▸ **Task statement**: Every line from the one with "this 750×400 image." through the last line below should be repeated exactly; pictures stay out of the copy.

Start of Data for the task

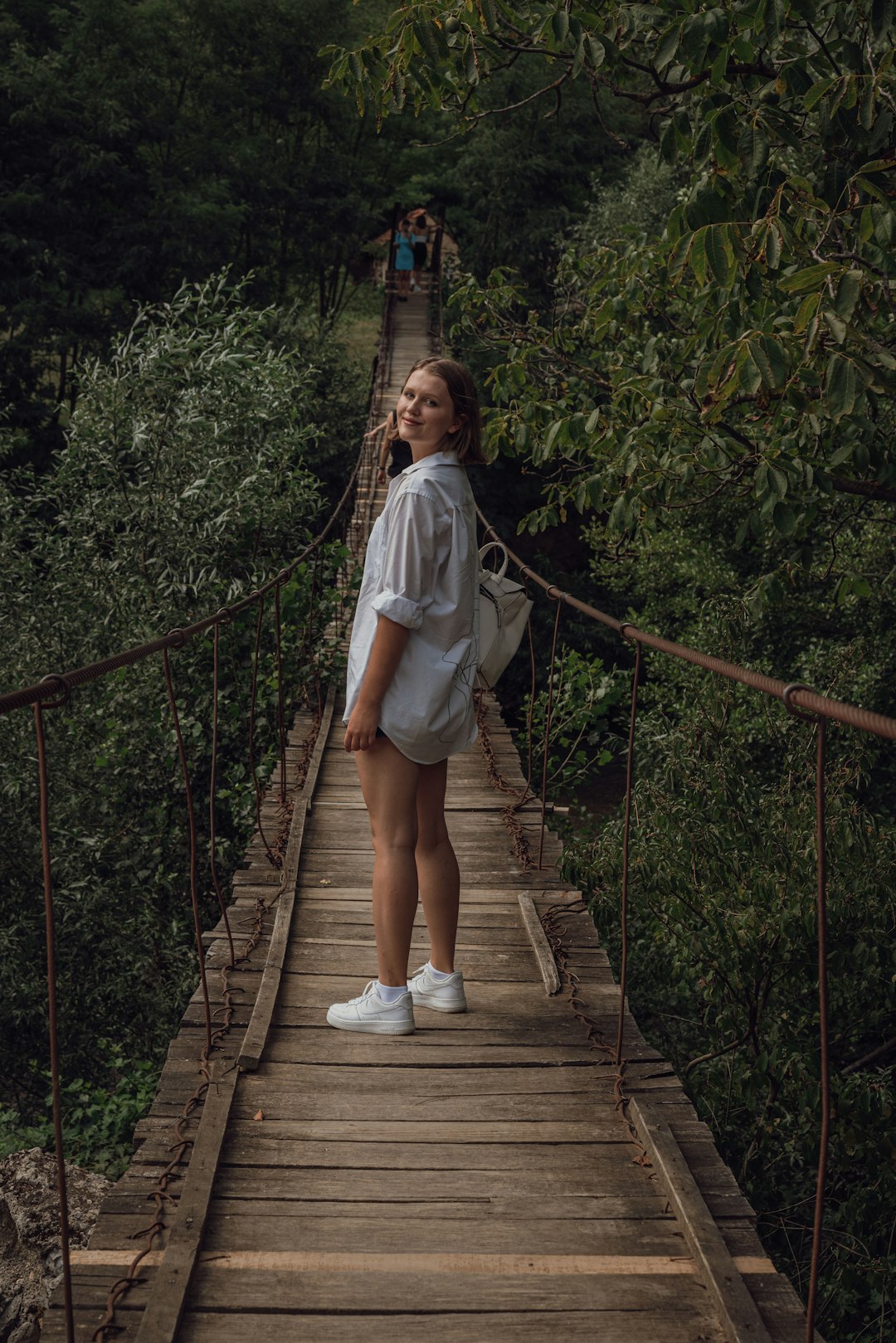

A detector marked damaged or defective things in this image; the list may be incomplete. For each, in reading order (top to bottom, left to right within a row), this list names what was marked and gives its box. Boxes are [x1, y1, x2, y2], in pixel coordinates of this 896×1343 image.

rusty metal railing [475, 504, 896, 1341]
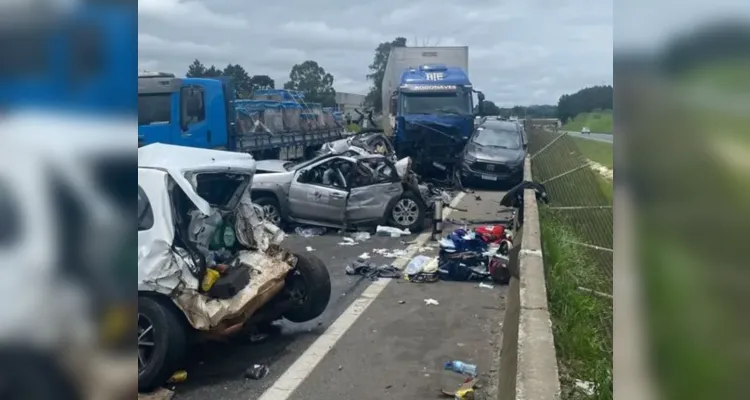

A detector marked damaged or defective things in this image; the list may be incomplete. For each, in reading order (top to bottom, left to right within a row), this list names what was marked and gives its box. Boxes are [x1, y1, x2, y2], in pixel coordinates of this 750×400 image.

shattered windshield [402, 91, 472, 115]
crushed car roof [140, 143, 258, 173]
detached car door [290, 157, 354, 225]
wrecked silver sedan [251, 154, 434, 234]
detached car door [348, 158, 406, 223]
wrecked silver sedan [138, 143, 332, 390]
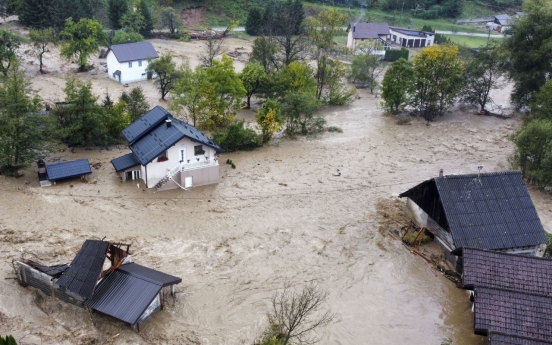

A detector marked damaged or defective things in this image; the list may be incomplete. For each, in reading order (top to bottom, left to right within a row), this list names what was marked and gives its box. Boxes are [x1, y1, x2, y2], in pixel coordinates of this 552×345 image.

End of Data for the task

▸ **Task response**:
A detector marked damaged or defective things in this image; the list may be incomplete. For each, in reading order (top to bottom, left to right within a row), this list names what was marked and gives its box. Boxes are [x1, y1, x2, y2], in pixel coordinates of this 750×400 image.

shattered windshield [402, 91, 472, 115]
crushed car roof [140, 143, 258, 173]
detached car door [290, 157, 354, 225]
wrecked silver sedan [251, 154, 434, 234]
detached car door [348, 158, 406, 223]
wrecked silver sedan [138, 143, 332, 390]

A detector marked damaged or defective things in this image; the list may be incomplete. For each, in reading order (top to bottom, left to right within a row), this list names what was marked and gives its box. Boxes are [x1, y1, x2, y2], in pixel coordinates of this 552×345 image.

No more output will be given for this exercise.